In my experience, Ernie Ball Slinky 10s are the most affordable and most popular brand of guitar string in use today.  
I think part of the appeal of the strings is the neon green packaging and the 1960’s logo and font aesthetic:  You can travel back in time to when the guitar was the center of a new music revolution.


I started using Ernie Ball Slinkys because that’s what Eric Clapton used and I wanted to try to capture the mechanics of his tone as much as possible.

Ernie Ball Slinkys are a good value.  I found them to be “sharper” than other brands in that the unwound wires more readily cut my fingertips.  I have no idea why Balls cut while Brites don’t. 

The Ernie Balls also had more of a habit of breaking on me than other mainstream brands.

I noticed when I changed strings that the Ernie Ball Slinkys had kinks in them from the frets.  No other brand was as “kinky” in that regard as the Ernie Slinkys.

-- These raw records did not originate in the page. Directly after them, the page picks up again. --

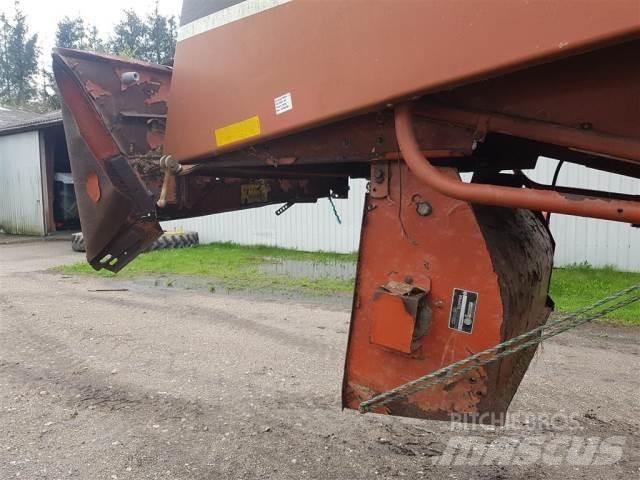 Laverda 3650 Kombájn tartozékok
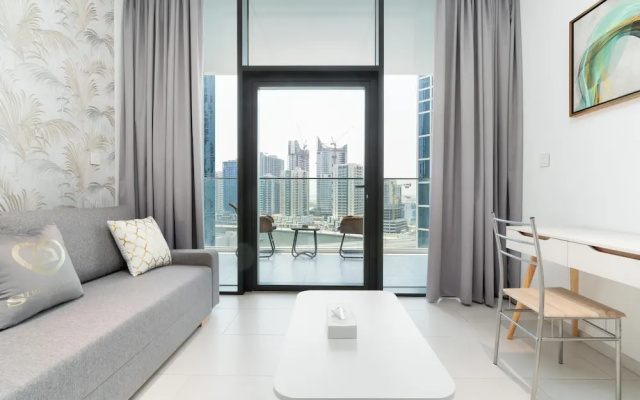 GLOBALSTAY. New Marquise Square Building in Business Bay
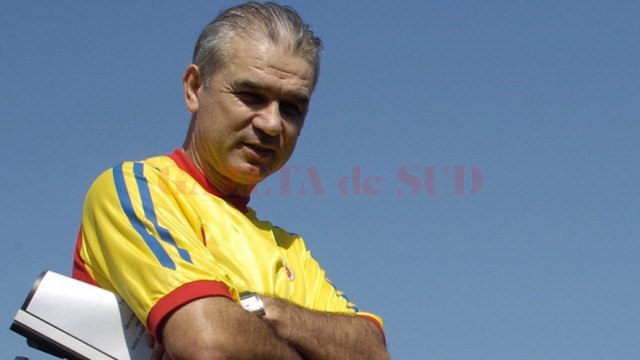 Anghel Iordănescu își va continua munca la echipa națională (foto: rfi.ro)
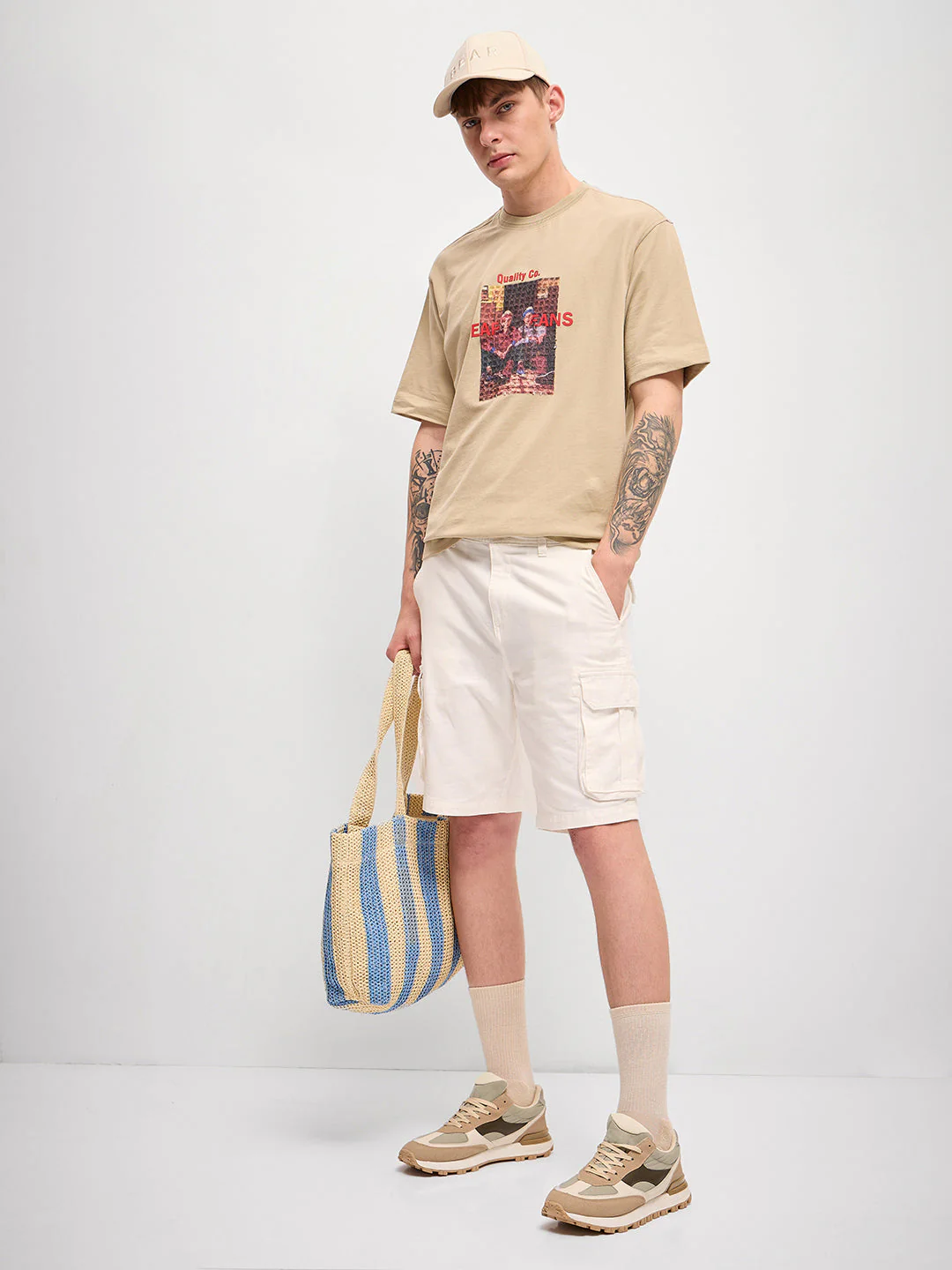 Men Beige GraphicTextured Print Oversize Crew Neck T-shirt - Image 4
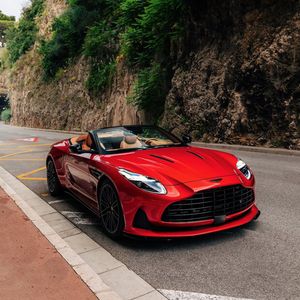 Image post by @astonmartin on Twitter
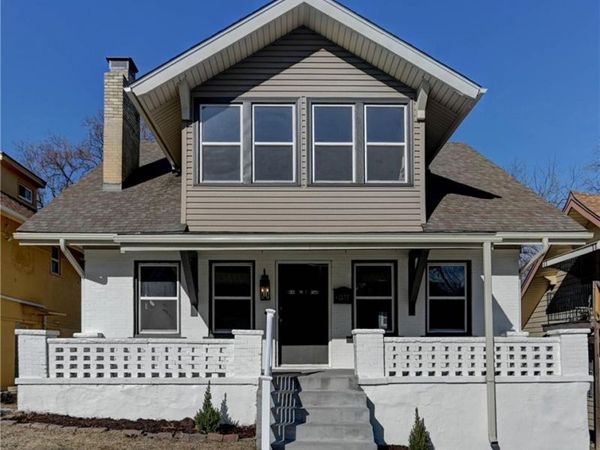 1326 Lake Avenue, Kansas City, MO 64109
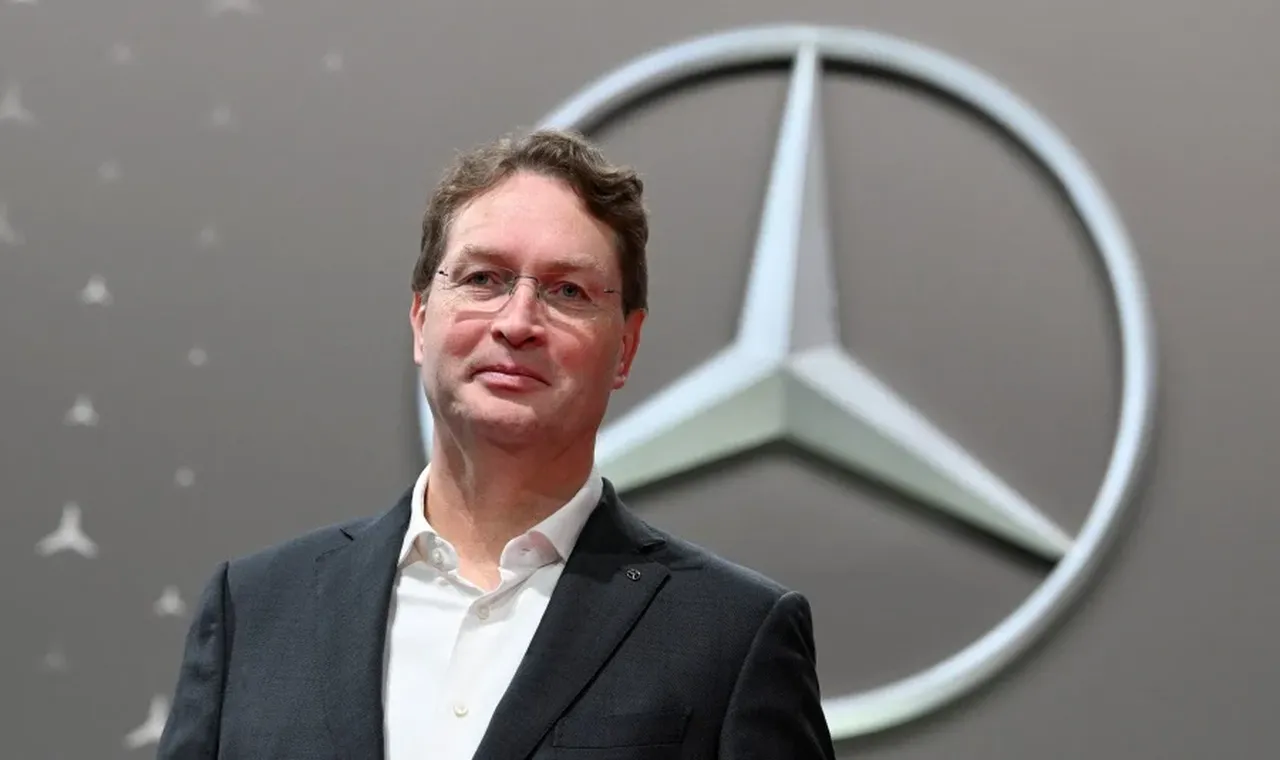 Mercedes Ceosundan Uyari Tum Pazar Coker 3241058 202508121452 1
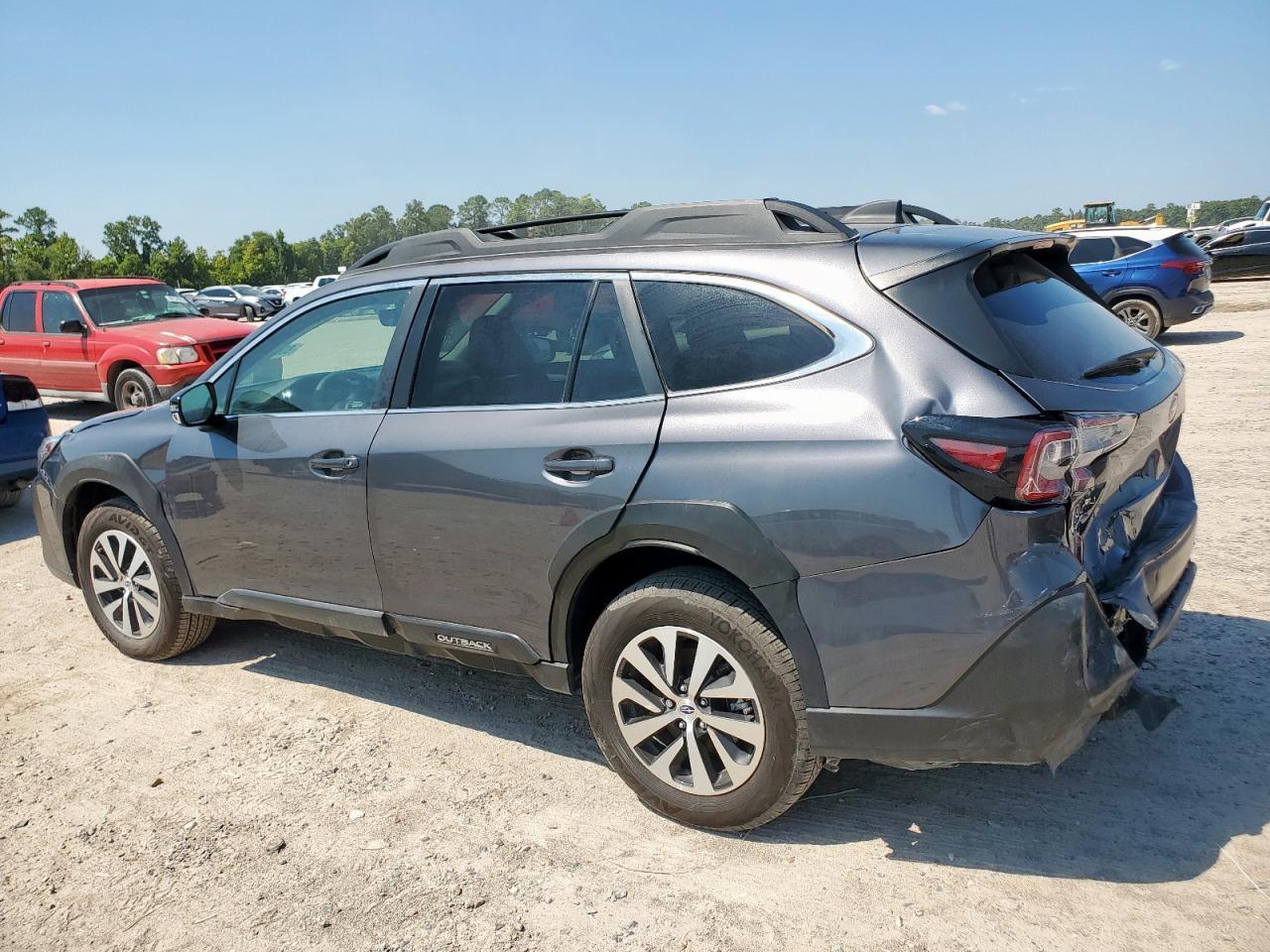 2025 Subaru Outback Premium - Фото 2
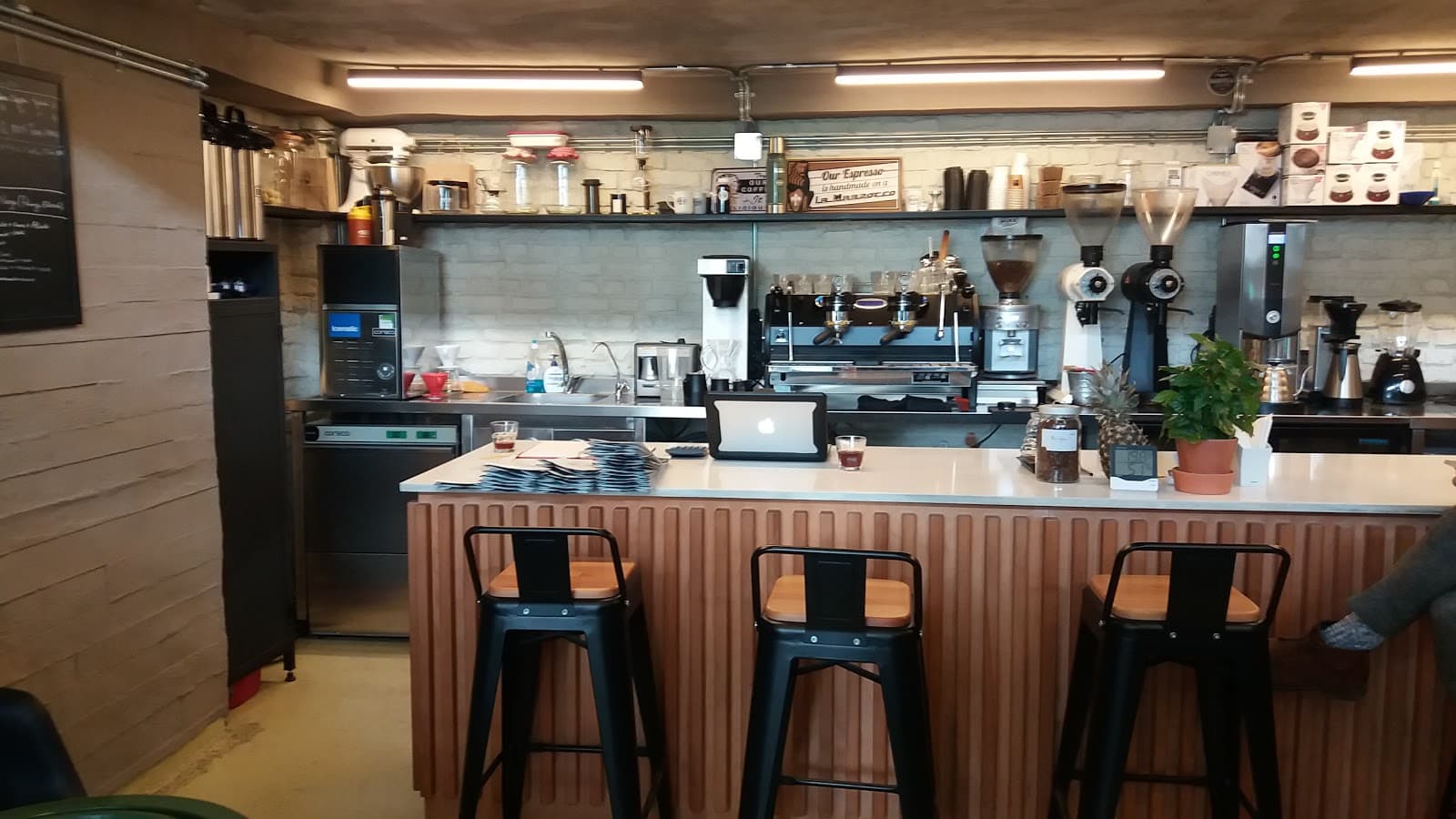 Boxx Coffee Roasters specialty coffee shop in Istanbul - photo 2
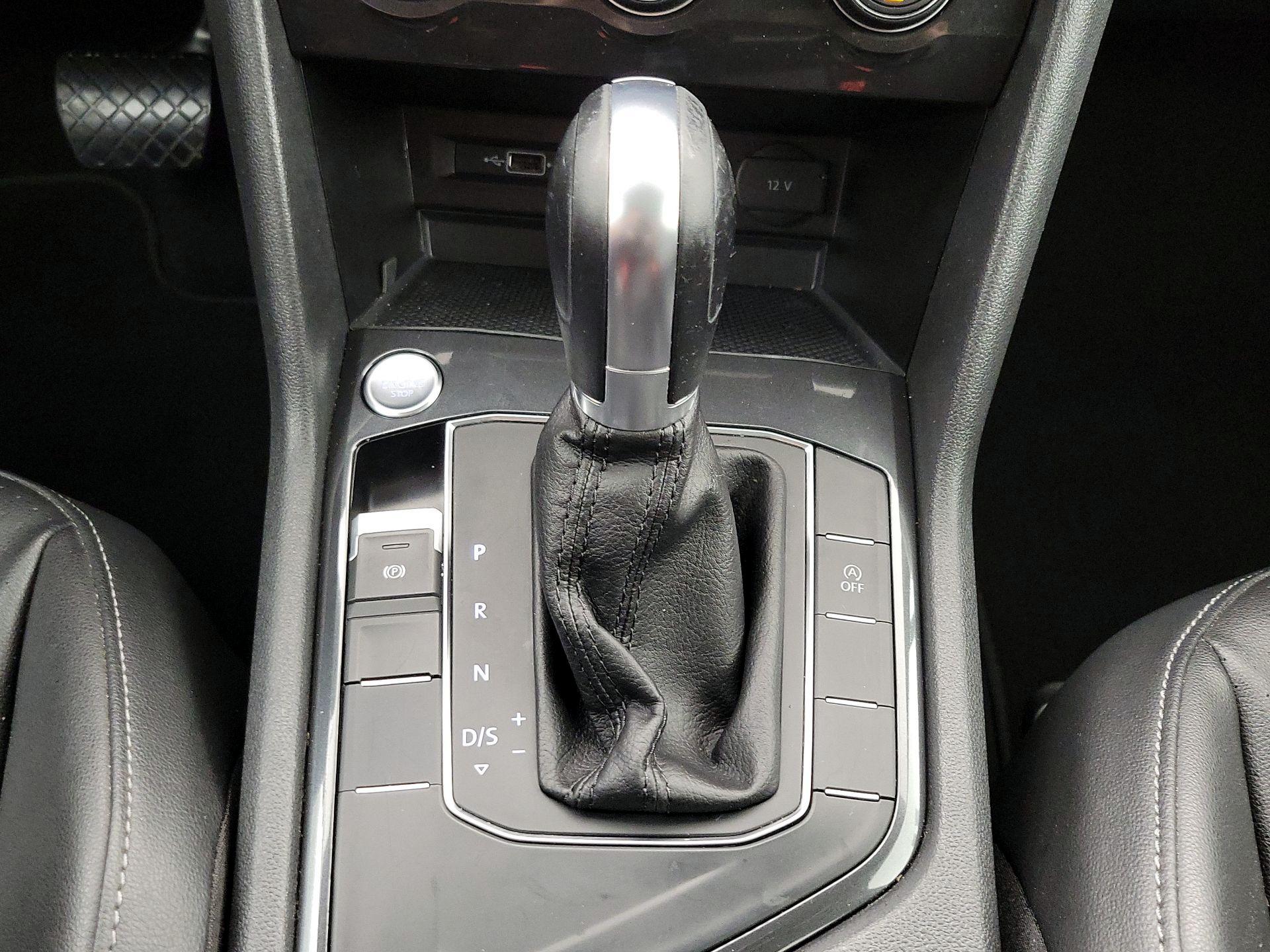 Thumbnail: 2018 Volkswagen Tiguan - 17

Ernie Ball Slinkys tend to retain their bright sound for a good long while and that’s important if you’re on a budget and you need a strings pack that can keep sounding strong.

5 Comments

  1. I take care of my strings by wiping them down when I’m done and I also wash my hands before I begin. I can stretch a pair of strings to last a month or so with daily playing if I have to, but for me, my preferred max seems to be about two weeks for a guitar I play every day. You still get sound from any string no matter how long they’ve been on the guitar, but its character and personality quickly fades the longer they get plucked. Most professional players change strings after every performance. The use of locking tuners now also make string changes a breeze and much less of a crafty production.